Prep 20 mins
Cook 40 mins
Best made in a cast iron skillet, this old-fashioned recipe comes from the Southern chapter of the United States Regional Cookbook, Culinary Arts Institute of Chicago, 1947.
- 1⁄2 cup butter
- 4 cups sweet potatoes (uncooked, peeled and grated)
- 1⁄4 teaspoon salt
- 1 cup cane syrup
- 1⁄2 cup sugar
- 1 cup milk
- 1⁄2 cup nuts, chopped
- 1 cup raisins
- 1⁄2 teaspoon ground cloves
- 1 teaspoon allspice
- 1 teaspoon cinnamon
- 3 eggs, well beaten
- Preheat oven to 350°F.
- Melt butter in a heavy skillet.
- Mix all remaining ingredients together, adding eggs last.

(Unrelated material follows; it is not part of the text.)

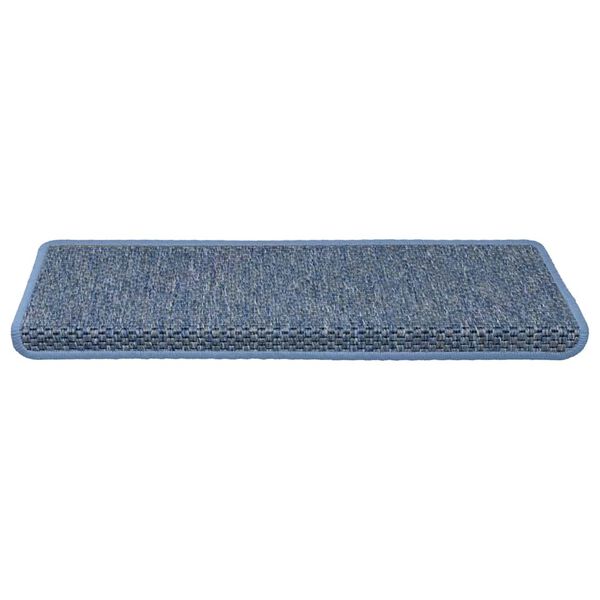 vidaXL Treppenmatten Selbstklebend Sisal-Optik 15 Stk. 65x21x4 cm Blau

- pour mixture into the hot pan of butter; stir until heated.
- Place skillet in oven to bake.
- When crusted around edge and top, turn under and let the crust form again.
- Do this twice, allowing the last to remain on the sides and top.
- This requires about 40 minutes.
- Serve with cream sweetened and flavored to taste.
- The cast iron skillet bakes well and causes the pudding to be desirably dark.